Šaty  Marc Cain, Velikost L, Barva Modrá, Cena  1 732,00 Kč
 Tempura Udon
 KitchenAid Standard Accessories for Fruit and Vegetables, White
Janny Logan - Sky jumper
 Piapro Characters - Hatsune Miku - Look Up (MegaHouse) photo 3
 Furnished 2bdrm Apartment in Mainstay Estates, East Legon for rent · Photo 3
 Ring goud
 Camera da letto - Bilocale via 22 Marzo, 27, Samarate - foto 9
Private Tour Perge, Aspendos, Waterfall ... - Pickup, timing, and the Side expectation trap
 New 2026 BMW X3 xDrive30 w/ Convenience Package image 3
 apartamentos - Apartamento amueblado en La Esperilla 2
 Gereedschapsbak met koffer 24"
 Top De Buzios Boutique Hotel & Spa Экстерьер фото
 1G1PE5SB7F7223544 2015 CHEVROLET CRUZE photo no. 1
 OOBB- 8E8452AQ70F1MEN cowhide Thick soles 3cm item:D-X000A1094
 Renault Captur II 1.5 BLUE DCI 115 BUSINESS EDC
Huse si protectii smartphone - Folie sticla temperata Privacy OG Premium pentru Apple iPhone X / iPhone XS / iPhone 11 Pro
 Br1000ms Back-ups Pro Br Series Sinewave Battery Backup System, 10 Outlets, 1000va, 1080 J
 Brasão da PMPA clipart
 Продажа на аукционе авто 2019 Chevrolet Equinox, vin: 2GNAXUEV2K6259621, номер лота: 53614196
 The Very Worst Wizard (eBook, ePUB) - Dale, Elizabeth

##############################

Exercise goal:
Exact copies of the line with "Huse si protectii" and of every later line in the entries make up the whole answer.

Problem solution:
Huse si protectii smartphone - Folie sticla temperata Privacy OG Premium pentru Apple iPhone X / iPhone XS / iPhone 11 Pro
 Br1000ms Back-ups Pro Br Series Sinewave Battery Backup System, 10 Outlets, 1000va, 1080 J
 Brasão da PMPA clipart
 Продажа на аукционе авто 2019 Chevrolet Equinox, vin: 2GNAXUEV2K6259621, номер лота: 53614196
 The Very Worst Wizard (eBook, ePUB) - Dale, Elizabeth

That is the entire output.